### Exercise prompt
In the data below, locate the line containing "Lavatrice Whirlpool 8kg Bianca, a Cieza" and the line containing "MATADOR 275/70 R22.5", then retype both and everything between them exactly. Pictures are not part of the copy.

### Supplied records
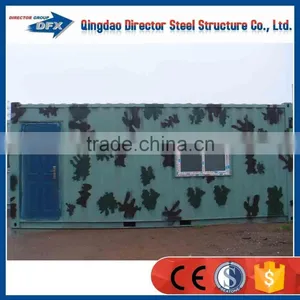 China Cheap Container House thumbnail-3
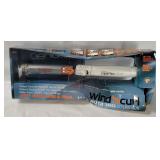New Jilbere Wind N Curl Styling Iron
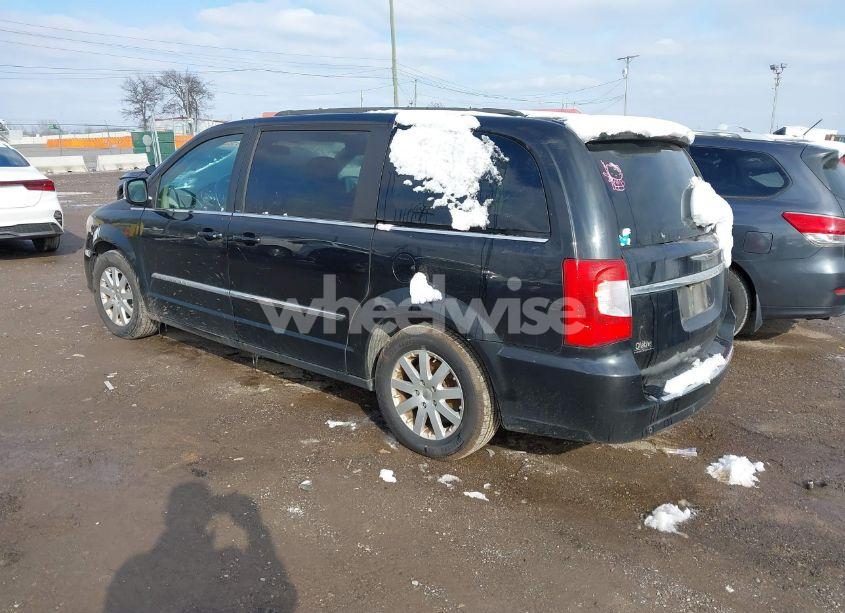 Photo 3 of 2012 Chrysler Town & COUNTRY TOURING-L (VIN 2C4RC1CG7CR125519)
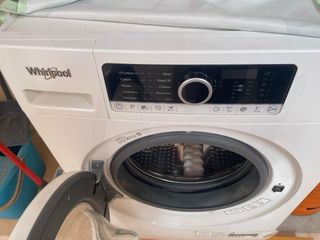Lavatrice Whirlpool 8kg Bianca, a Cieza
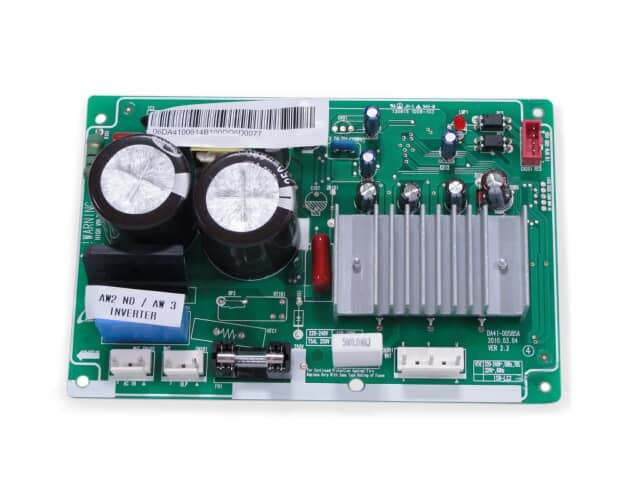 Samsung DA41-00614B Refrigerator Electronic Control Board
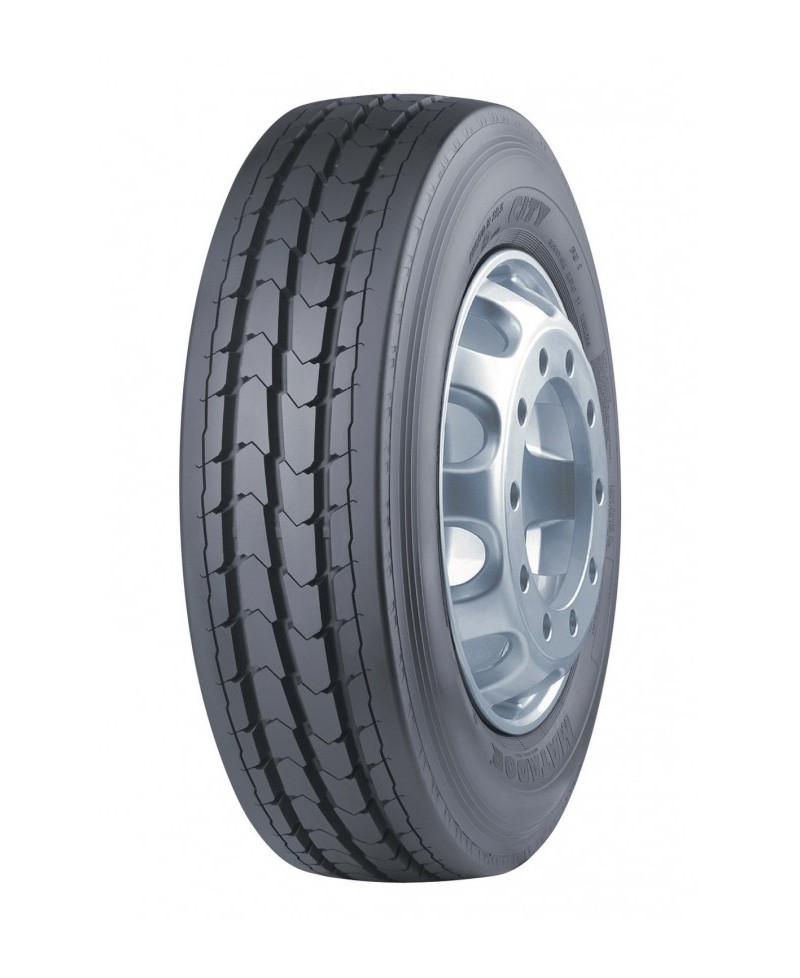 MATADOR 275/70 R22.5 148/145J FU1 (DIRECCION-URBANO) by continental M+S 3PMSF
--
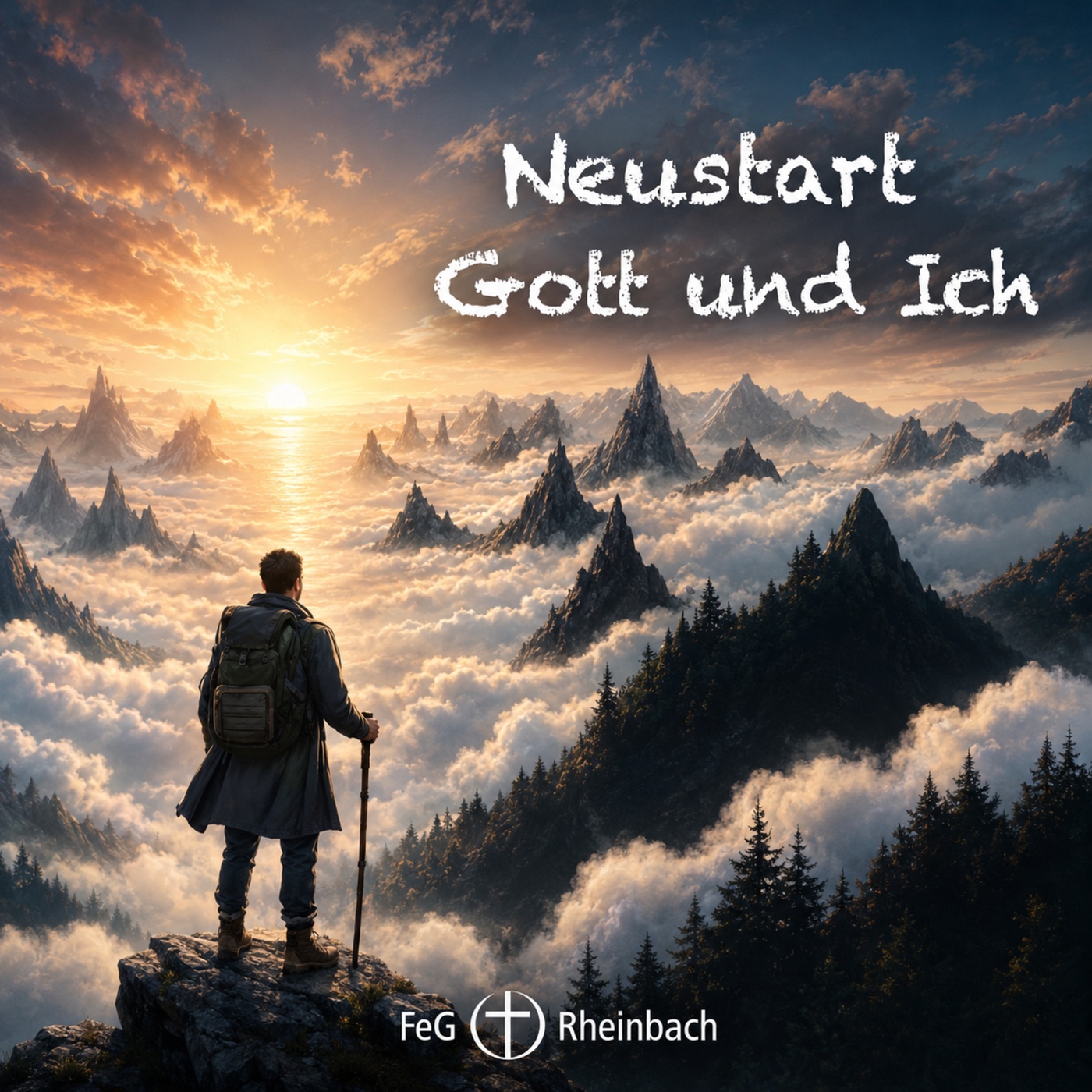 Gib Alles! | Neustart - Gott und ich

### Task solution
Lavatrice Whirlpool 8kg Bianca, a Cieza
 Samsung DA41-00614B Refrigerator Electronic Control Board
 MATADOR 275/70 R22.5 148/145J FU1 (DIRECCION-URBANO) by continental M+S 3PMSF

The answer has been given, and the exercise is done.